**YOUR ASSIGNMENT**:
Nothing after the line with "Amazing Home In Dagebüll With Sauna" belongs in the copy; extract the lines below from the top through that line, pictures left out.

**SOURCE MATERIAL**:
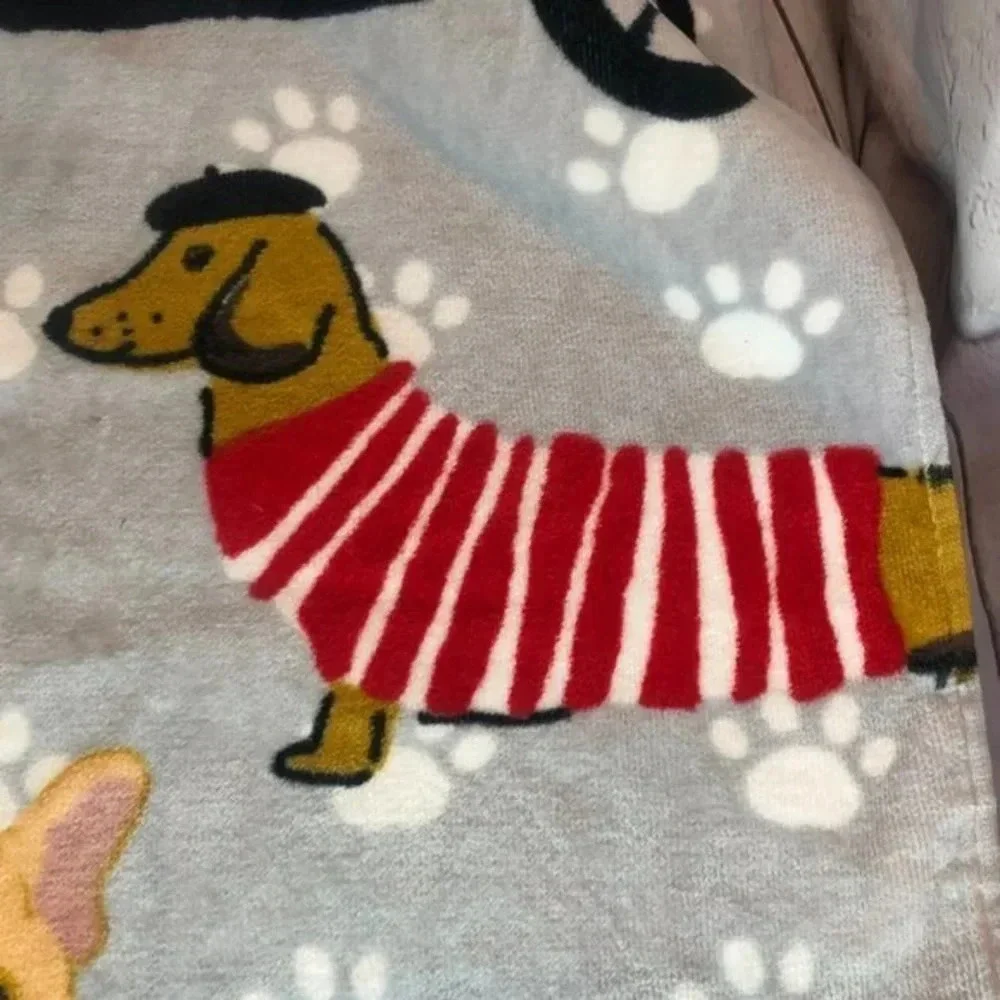NWT dachshund and frenchie bath towel 100% cotton dog mom kids bath guest bath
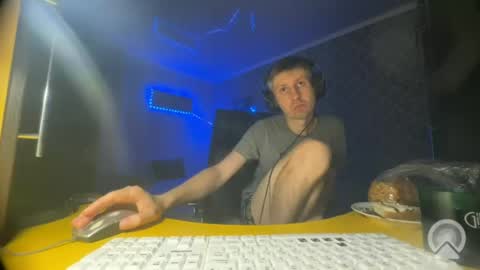Snapshot of roma305991 chatting on July 14, 10:37 pm roma305991 online show from July 14, 10:37 pm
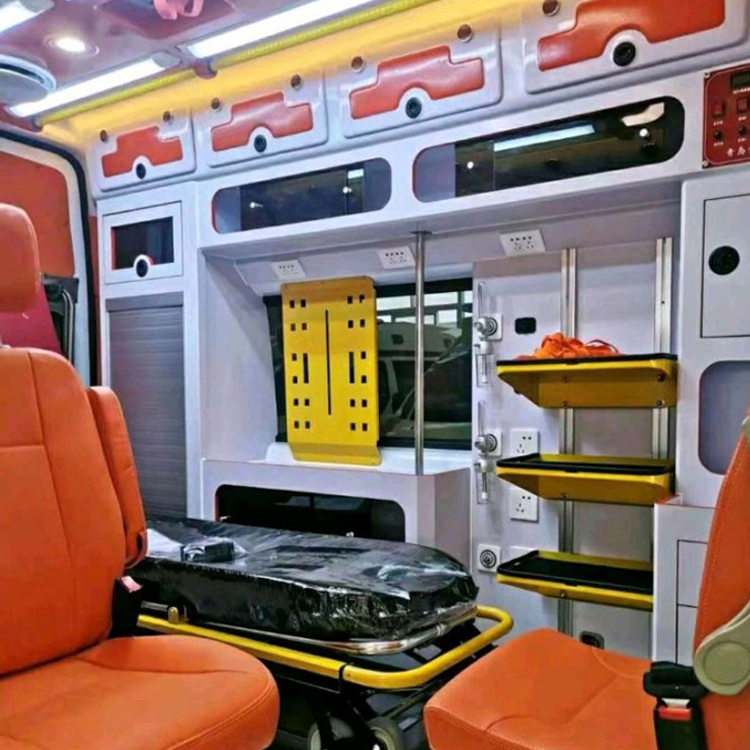 鲁山长途救护车护送病人租赁价格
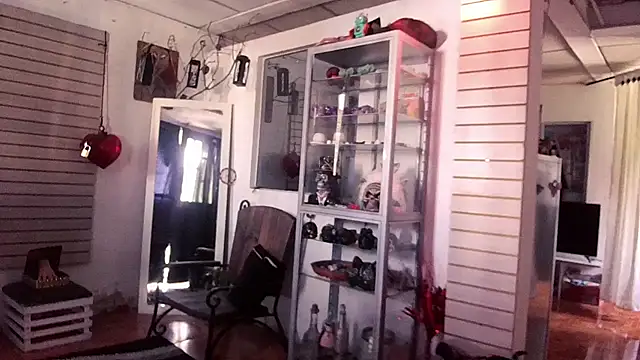 xinamora online show from 10/22/25, 02:50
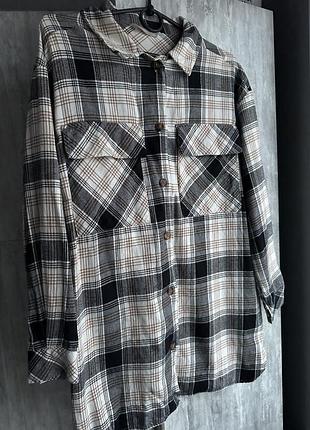 Сорочка в клітинку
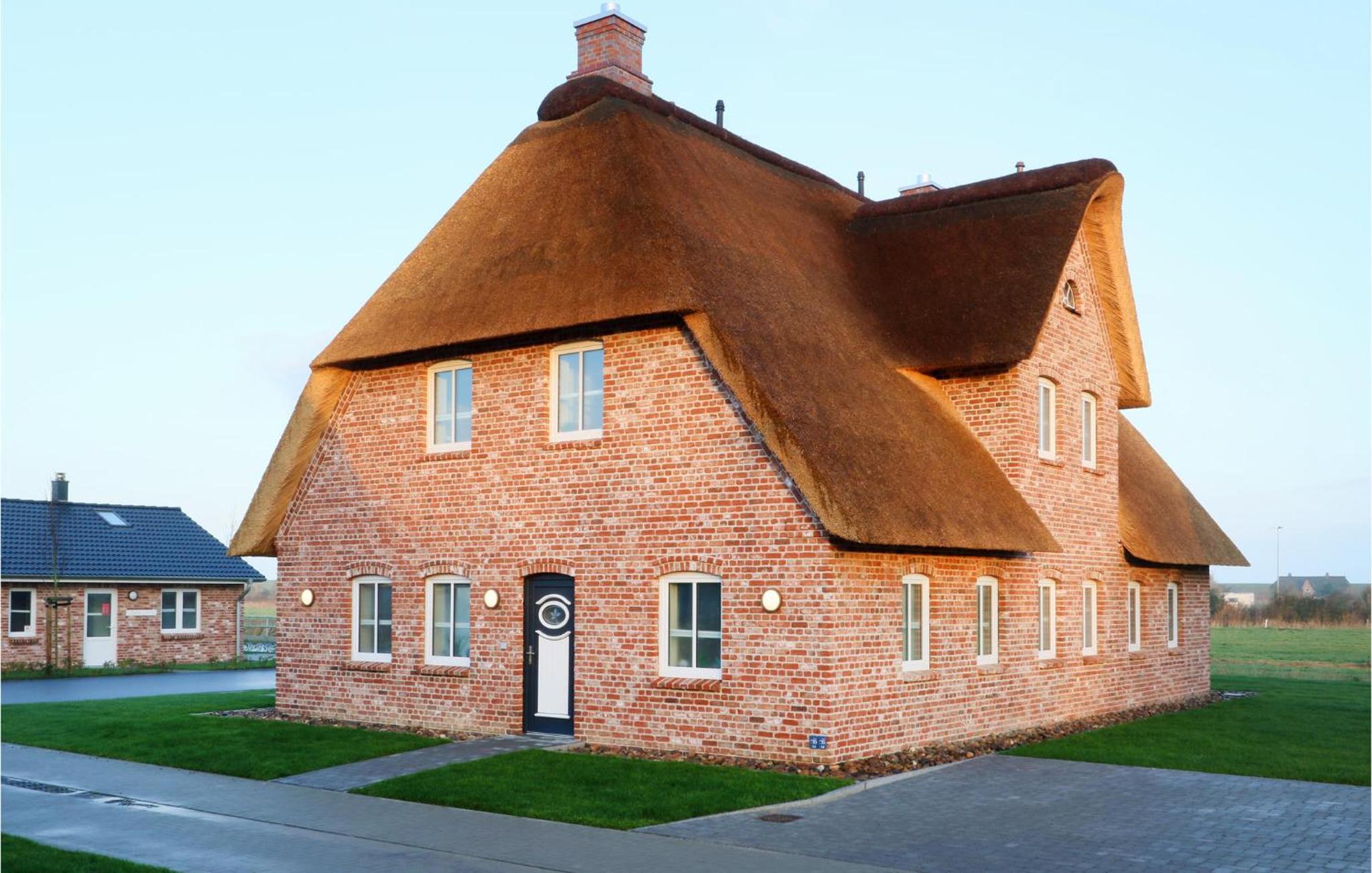 Amazing Home In Dagebüll With Sauna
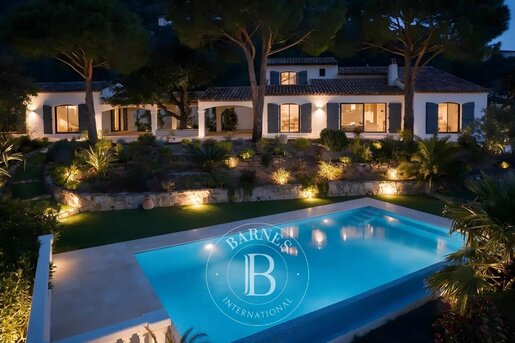 Maison 10 pièces 235 m² · à Sainte-Maxime · 235 m² · 2 835 000 €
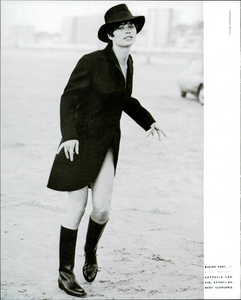 Lindbergh_Vogue_Italia_January_1990_07.thumb.png.1b2ea1e2d64a7f20c7c788a77aa0ad95.png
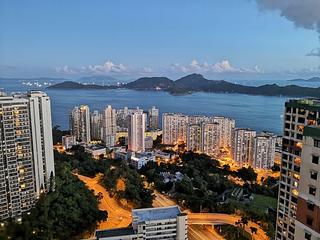 Pok Fu Lam - Pokfulam Gardens Block 4 02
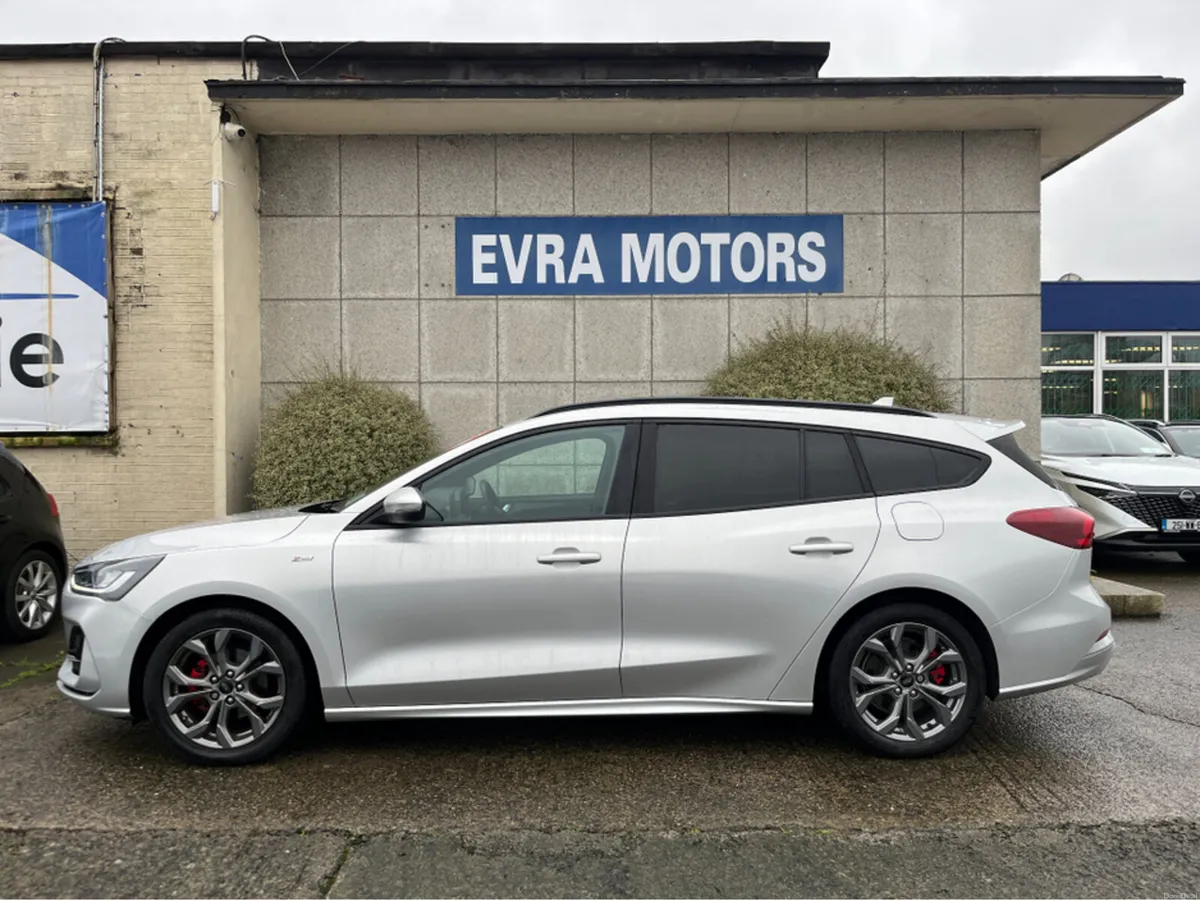 Ford Focus ESTATE ST-LINE STYLE PETROL //KEYLESS E - Image 6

**RESULT OF THIS EXERCISE**:
NWT dachshund and frenchie bath towel 100% cotton dog mom kids bath guest bath
Snapshot of roma305991 chatting on July 14, 10:37 pm roma305991 online show from July 14, 10:37 pm
 鲁山长途救护车护送病人租赁价格
 xinamora online show from 10/22/25, 02:50
 Сорочка в клітинку
 Amazing Home In Dagebüll With Sauna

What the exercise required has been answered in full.